Records from a data source
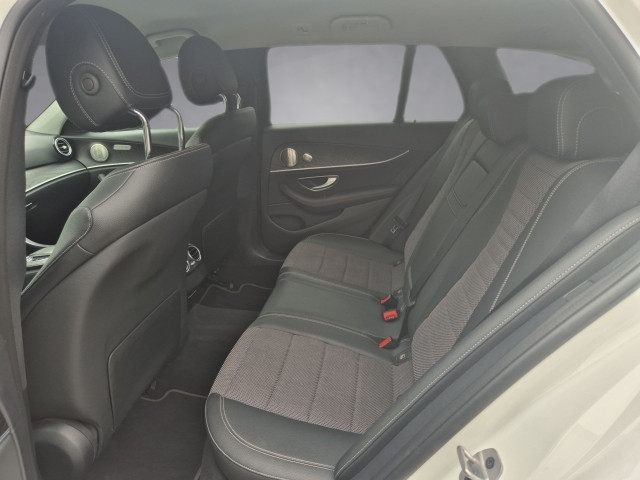 Bild 11: Mercedes E 220 d T 4Matic Aut.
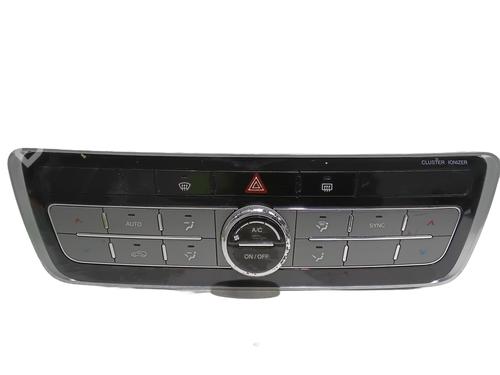 Used Climate control Climate control SSANGYONG REXTON (Y400, Y450) 2.2 Xdi (POE) (181 hp) 34123207 34123207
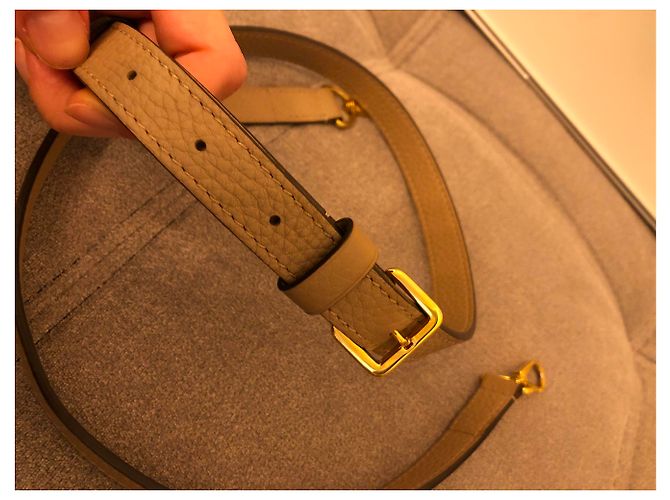 Louis Vuitton Capucines BB Galet Beige - vista 16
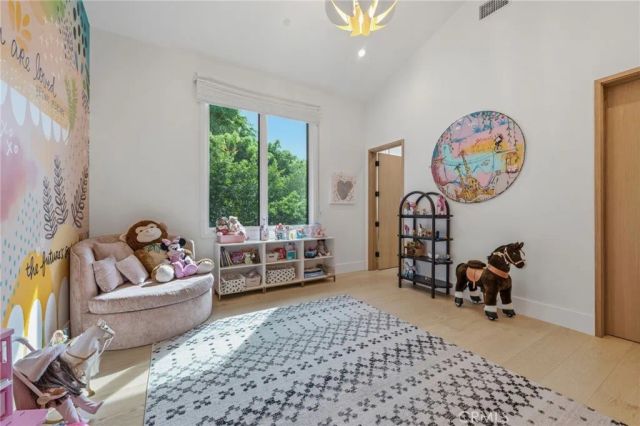 5241 Twin Oaks, Hidden Hills, CA 91302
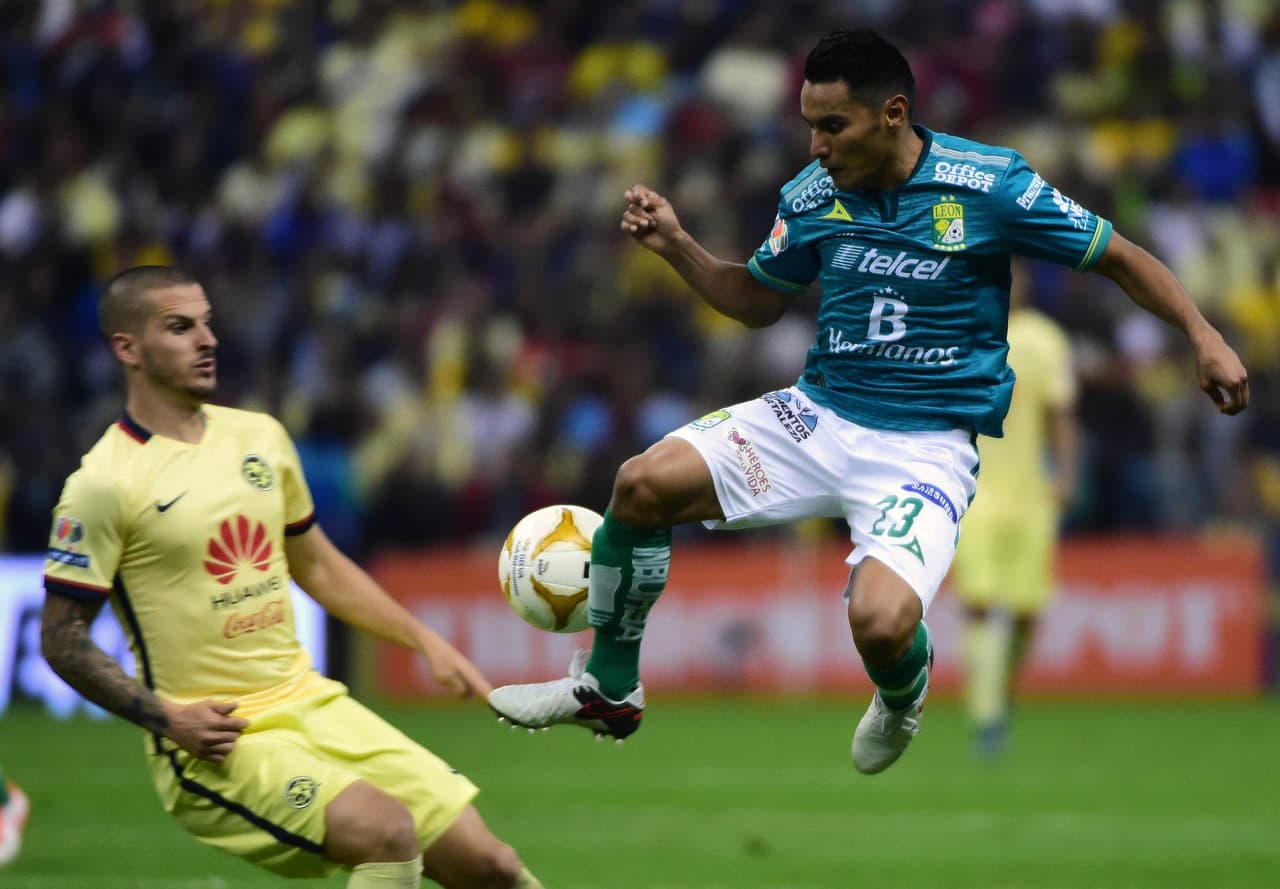 José Juan Vázquez – Fue contratado por Chivas como la gran apuesta para apuntalar la media cancha del Rebaño. El ‘Gallo’ es un medio de recuperación que pasó desapercibido en el tiempo reciente pero que con León se ganó la convocatoria al Mundial 2014 donde brilló y de retomar ese nivel, tendría que ser llamado.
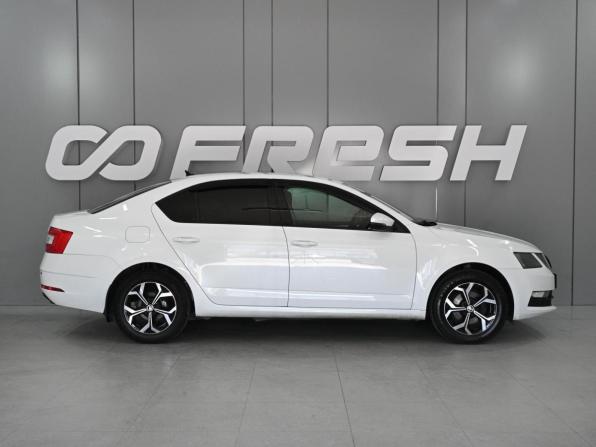 Skoda Octavia III (A7) Рестайлинг с пробегом 2019 года, цена 1 399 000 рублей, 165526 км, лифтбек, Автокод Объявления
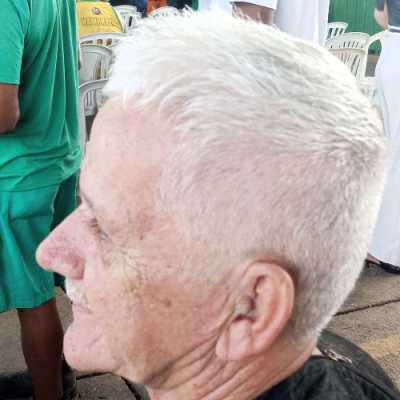 Tesoura, Um corte que exige precisão e cuidado, e que irá dar um ar de leveza ao rosto.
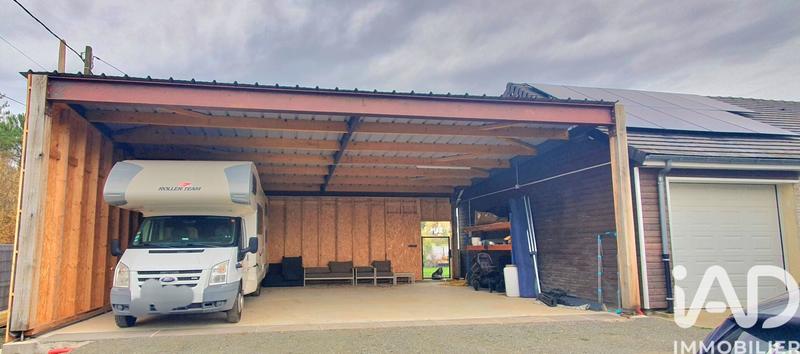 Maison - 200 m² - 8 pièces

▸ TO DO
Would you please repeat each record exactly? Leave the pictures out.

▸ RESULT FOR THIS TASK
 Bild 11: Mercedes E 220 d T 4Matic Aut.
 Used Climate control Climate control SSANGYONG REXTON (Y400, Y450) 2.2 Xdi (POE) (181 hp) 34123207 34123207
 Louis Vuitton Capucines BB Galet Beige - vista 16
 5241 Twin Oaks, Hidden Hills, CA 91302
 José Juan Vázquez – Fue contratado por Chivas como la gran apuesta para apuntalar la media cancha del Rebaño. El ‘Gallo’ es un medio de recuperación que pasó desapercibido en el tiempo reciente pero que con León se ganó la convocatoria al Mundial 2014 donde brilló y de retomar ese nivel, tendría que ser llamado.
 Skoda Octavia III (A7) Рестайлинг с пробегом 2019 года, цена 1 399 000 рублей, 165526 км, лифтбек, Автокод Объявления
 Tesoura, Um corte que exige precisão e cuidado, e que irá dar um ar de leveza ao rosto.
 Maison - 200 m² - 8 pièces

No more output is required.